It’s a cold Monday morning as Suzy sips her first cup of coffee for the day and reflects on her surprise when Bob turned in his notice last Friday. Being that Bob had been around for 5 years, Suzy asked herself what led him to start thinking about outside opportunities. Further, who would really be so interested in Bob in the first place? His performance ratings were barely middle of the road, he didn’t graduate from a Top-25 Business School, and was consistently passed over for the Leadership Development Program. He definitely wasn’t tearing up the racetrack, by any means. “No big deal”, Suzy tells herself. And sure, she understands she could have kept Bob around through Christmas, but why bother? It’s not like she wanted word getting around, so when she asked him to pack up his things and leave the building before lunch, she was just looking out for the best of the firm.
Our industry has taught her to see Recruiting, and the broader issue of Talent Management, as a “Supply-Chain.” She’s attended several industry conferences over the last 18 months that were dominated by this kind of linear thinking. She endured hours of training on linear concepts like Lean, Six-Sigma, and Total Quality Management. Further, she’s a big believer in ever-traditional practices such as the 9-Box and Performance Ratings.
Yep, Suzy has it all figured out. Except she really doesn’t. Her phone begins to ring as Employee after Employee, Partner after Partner, Customer after Customer, call with the question, “What happened with Bob?” Suzy asks how this could be possible. She goes back and reviews everything she can on him in the Talent Management system – again, no big deal. Bob was a middle-of-the-road Guy. So why all the concern?
To Suzy, Bob is replaceable like a peg in a car while playing the game of Life. Words like ‘automate‘, ‘process‘, ‘controls‘, ‘waste‘, ‘re-engineer‘, etc. tell her that her company is a huge assembly line in a broader Supply-Chain. In her mind, the Ghosts of Henry Ford and Frederick Taylor collide with visions of the Industrial Revolution, giving her confidence that all she has to do is hire someone and pop them in Bob’s vacated role. Simple. Easy. Linear. The faster she can put a name in the (now) blank box on the OrgChart, the better . . .
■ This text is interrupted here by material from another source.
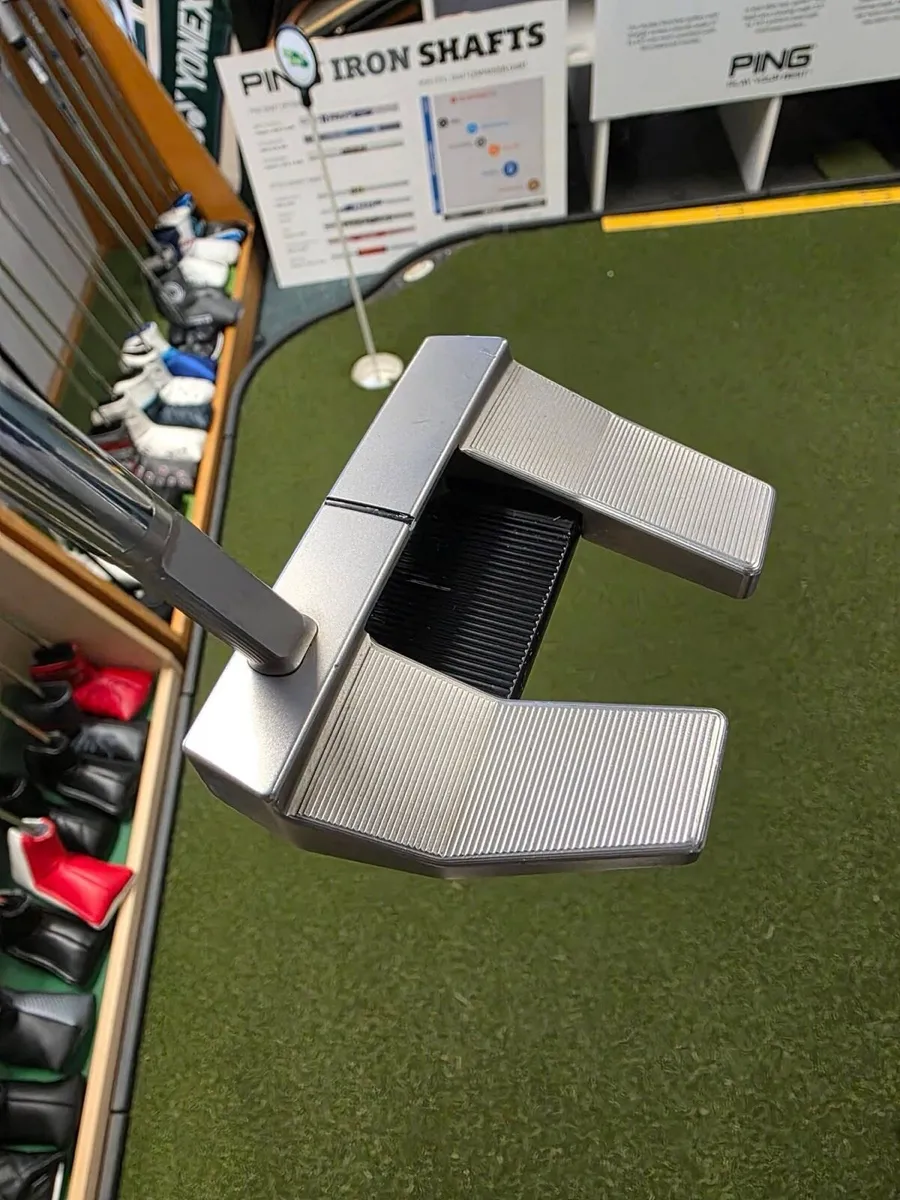 Scotty Cameron Phantom X 5.5 Putter - Image 3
The truth is though that Suzy doesn’t really get it. Her organization is dependent on tacit knowledge transfer and doesn’t manufacture anything, yet she slogs along with ideas that barely worked during our period of rapid industrialization. While she likes to call herself an “outside the box” thinker, the truth is that her way of looking at the world is the “box” itself. Her straight-line, point-A to point-B, Supply-Chain thinking keeps her in the dark. To Suzy, Bob was just a single producer… and the Human-Capital lens she sees through focus only on what Bob’s past performance ratings were, along with what his past Managers considered to be his potential moving forward.
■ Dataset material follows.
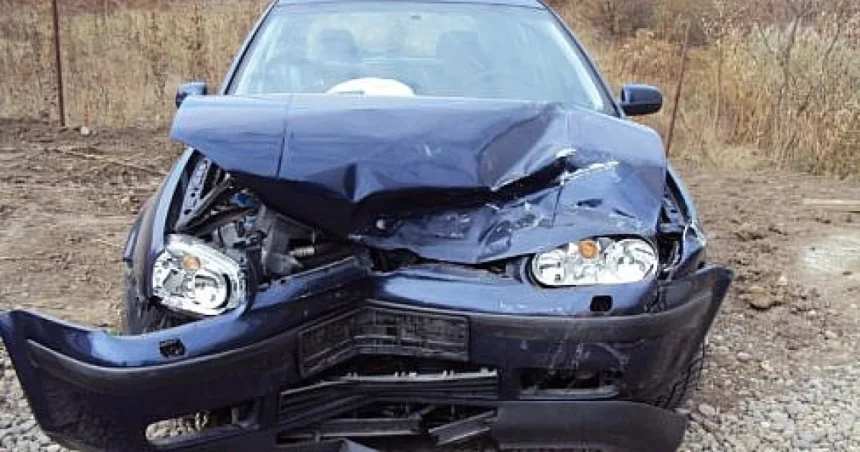 Șoferiță vitezomană, implicată în accident pe DN17A la Paltinu; fetița de 7 ani, rănită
She doesn’t ask herself about the nature of Bob’s connections, such as who he interacted with, and why. Did he participate in discussions about new products and innovation? Was he involved in client-facing activities? Did others rely on him to help solve Customer challenges? Who did Bob go to lunch with and socially connect with? After all, it’s these connections, relationships, and interactions that truly create value… but until Suzy wakes up and sees that the Human-Capital box is not only holding her back, but also her Organization and its ability to deliver on its value proposition, she’ll continue to live on in her monochrome world of seeing only 10% of the big picture.
Suzy couldn’t rationalize that losing Bob was more than just losing Bob – also lost are all Bob’s relationships and connections within the overlapping and simultaneous array of networks that define how business gets done. The Human-Capital lens says Bob was just a guy, a peg in the OrgChart . . . while the Social-Capital lens says you just lost more than Bob, you also lost his 17 relationships and ties within the firm.
Don’t be a Suzy.
As we move into 2011, the biggest leap we can make as an industry is to start thinking less about what’s within individuals (i.e. “Talent”) and more about what’s between them (i.e. “Connections”, “Interactions”, etc.). After all, ‘between‘ is what Social is really all about. If you respect Human-Capital thinking, but are open to the notion that Networks (Social-Capital), or the way we connect and interact, are where value truly unlocks, you might just be surprised at what you’ll start seeing. Will you join me?
Josh Letourneau is the owner of Knight & Bishop, an Executive Search and Human Capital Intelligence firm, with an emerging focus on Social Network Analysis (SNA). Nope, not like MySpace, but more like who is connected to whom in organizations and how does that impact their influence on decision making and P.O.V.s. And you can learn more about all of this on his new blog .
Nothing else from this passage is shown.